Attorneys for a group of janitorial workers alleging misclassification laid out their case to the state Supreme Court, arguing the three-prong "ABC" test adopted in Dynamex not only should apply retroactively, but its interpretation be broadened.
In an opening brief filed Wednesday, plaintiffs' attorney Shannon Liss-Riordan of Boston-based Litchen & Liss-Riordan, PC argued Dynamex should be retroactively applied in wage-and-hour violations as well as when franchisees are misclassified as independent contractors rather than employees, when additional entities serve as joint employers and when claims are bought under state Labor Code Section 2802 for work-related expenses.
"These questions are interrelated," Liss-Riordan wrote. "Not only are they all central to the resolution of this case but resolving one while leaving the others unaddressed leaves open escape hatches that employers will continue to exploit in the face of unsettled law."

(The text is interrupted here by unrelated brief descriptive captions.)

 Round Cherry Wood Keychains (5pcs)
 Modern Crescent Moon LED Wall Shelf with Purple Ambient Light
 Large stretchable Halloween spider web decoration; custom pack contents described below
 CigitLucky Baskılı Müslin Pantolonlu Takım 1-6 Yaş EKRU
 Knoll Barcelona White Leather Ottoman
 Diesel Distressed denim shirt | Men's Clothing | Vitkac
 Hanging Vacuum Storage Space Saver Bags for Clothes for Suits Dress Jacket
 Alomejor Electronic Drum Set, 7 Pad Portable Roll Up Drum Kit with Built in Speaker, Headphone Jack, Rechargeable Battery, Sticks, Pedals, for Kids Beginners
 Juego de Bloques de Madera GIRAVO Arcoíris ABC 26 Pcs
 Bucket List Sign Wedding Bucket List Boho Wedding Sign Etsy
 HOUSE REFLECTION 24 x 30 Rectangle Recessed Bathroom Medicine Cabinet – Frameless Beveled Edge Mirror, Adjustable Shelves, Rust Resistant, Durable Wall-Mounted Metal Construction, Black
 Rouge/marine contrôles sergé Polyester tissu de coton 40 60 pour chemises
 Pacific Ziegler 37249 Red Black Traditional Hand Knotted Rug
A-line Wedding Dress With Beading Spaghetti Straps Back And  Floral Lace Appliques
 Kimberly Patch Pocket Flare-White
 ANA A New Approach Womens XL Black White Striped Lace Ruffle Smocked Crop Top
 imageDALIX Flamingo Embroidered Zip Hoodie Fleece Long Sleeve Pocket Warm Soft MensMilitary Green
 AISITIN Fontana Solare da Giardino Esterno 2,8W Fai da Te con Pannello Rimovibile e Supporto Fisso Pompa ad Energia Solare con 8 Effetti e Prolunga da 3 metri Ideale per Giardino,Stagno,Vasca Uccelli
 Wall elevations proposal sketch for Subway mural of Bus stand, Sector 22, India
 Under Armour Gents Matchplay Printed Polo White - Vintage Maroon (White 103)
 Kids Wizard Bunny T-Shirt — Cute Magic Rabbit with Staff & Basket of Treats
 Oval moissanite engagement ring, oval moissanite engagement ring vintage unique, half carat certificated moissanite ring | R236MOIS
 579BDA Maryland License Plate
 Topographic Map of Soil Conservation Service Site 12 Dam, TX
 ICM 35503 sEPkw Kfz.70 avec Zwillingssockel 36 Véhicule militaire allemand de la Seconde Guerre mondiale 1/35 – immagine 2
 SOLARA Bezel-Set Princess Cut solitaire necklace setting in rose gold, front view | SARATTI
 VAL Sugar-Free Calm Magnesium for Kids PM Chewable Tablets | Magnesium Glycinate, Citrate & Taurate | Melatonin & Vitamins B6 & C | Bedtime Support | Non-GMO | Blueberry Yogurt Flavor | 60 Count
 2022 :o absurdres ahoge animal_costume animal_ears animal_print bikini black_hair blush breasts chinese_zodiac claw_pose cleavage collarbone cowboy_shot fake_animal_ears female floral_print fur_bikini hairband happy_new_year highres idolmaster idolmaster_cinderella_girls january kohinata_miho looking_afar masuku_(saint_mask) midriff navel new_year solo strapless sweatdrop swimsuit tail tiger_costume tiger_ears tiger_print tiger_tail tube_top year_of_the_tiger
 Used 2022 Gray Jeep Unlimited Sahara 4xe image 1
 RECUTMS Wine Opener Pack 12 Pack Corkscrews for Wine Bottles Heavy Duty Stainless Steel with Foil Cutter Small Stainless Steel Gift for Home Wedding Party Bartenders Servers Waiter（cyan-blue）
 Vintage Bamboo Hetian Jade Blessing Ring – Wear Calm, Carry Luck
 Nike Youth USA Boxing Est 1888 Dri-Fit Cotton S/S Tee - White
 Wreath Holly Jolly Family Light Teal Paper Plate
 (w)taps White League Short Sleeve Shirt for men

The brief's scope expands beyond what the 9th U.S. Circuit Court of Appeals had in mind when they punted the case to the state high court justices last September, asking them to answer the retroactivity question. Vazquez v. Jan-Pro Franchising International, Inc., S258191.
But Liss-Riordan wrote the questions are necessary to ensure the state law had a comprehensive coverage against all possible challenges.
"It is therefore vital for this court to settle these (unsettled) questions of state law in the wake of Dynamex, in order to enforce the California labor standards and thus 'enable [workers] to provide at least minimally for themselves and their families and to accord them a modicum of dignity and self respect,' as this court intended," she wrote. Dynamex Operations West Inc. v. Superior Court.
In Vazquez, a group of janitors initially sued in the Northern District of California alleging they were misclassified as contractors and underpaid, according to court documents. The company claimed it sold janitorial franchises and was not a cleaning business, despite that being a main function of its business, and won summary judgment, court documents show.
While on appeal, the state Supreme Court ruled on Dynamex, which the 9th Circuit took into account when it reversed the lower court's summary judgment and ruled the ABC test should be applied retroactively, court documents show.
The federal appellate court later retracted that ruling and requested the state Supreme Court take the case to answer a "question of state law," saying it would abide by the state high court's decision if it agreed to hear the case, according to court documents.